## Excerpted records
--------------------

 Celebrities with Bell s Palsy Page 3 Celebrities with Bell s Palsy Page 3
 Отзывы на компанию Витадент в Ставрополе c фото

--------------------

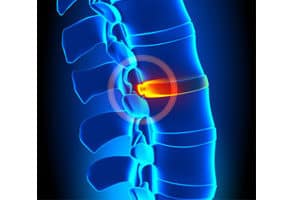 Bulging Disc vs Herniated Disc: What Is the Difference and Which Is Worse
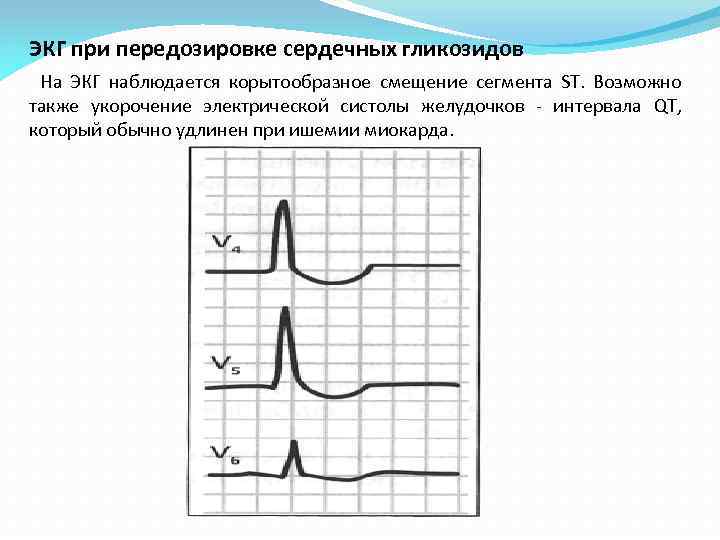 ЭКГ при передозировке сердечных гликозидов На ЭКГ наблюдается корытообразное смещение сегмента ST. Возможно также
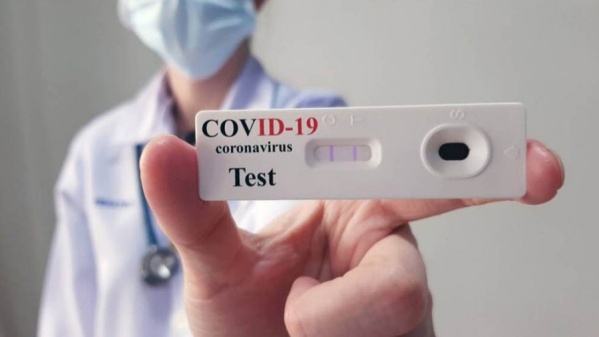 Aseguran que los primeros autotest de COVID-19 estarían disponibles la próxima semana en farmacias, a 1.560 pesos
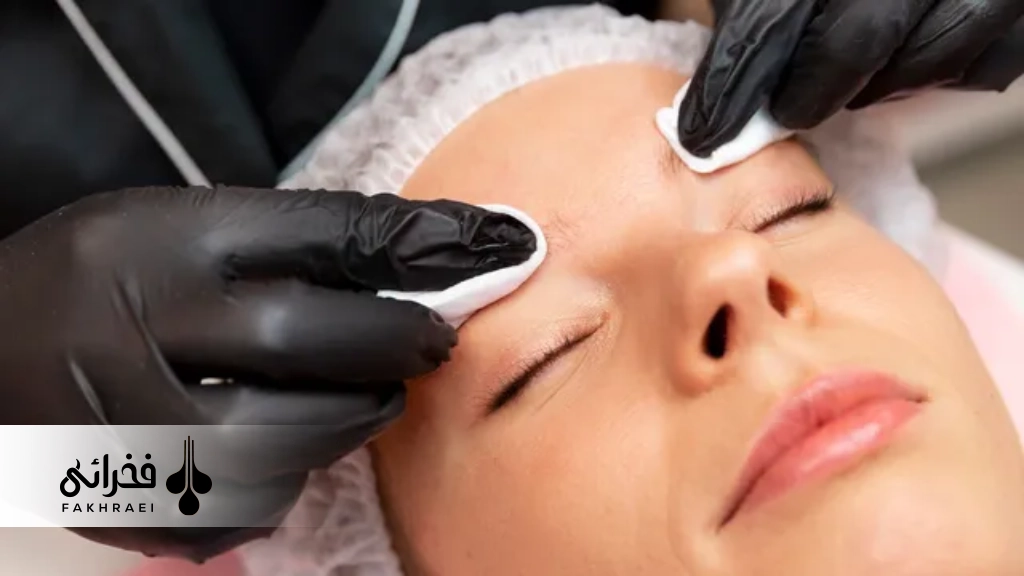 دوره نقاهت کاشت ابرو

--------------------

## Work to complete
Find the line with "ЭКГ при передозировке" and the line with "دوره نقاهت کاشت ابرو" in the records above. Copy both and all lines between them exactly, without pictures.

## Written reply
 ЭКГ при передозировке сердечных гликозидов На ЭКГ наблюдается корытообразное смещение сегмента ST. Возможно также
 Aseguran que los primeros autotest de COVID-19 estarían disponibles la próxima semana en farmacias, a 1.560 pesos
 دوره نقاهت کاشت ابرو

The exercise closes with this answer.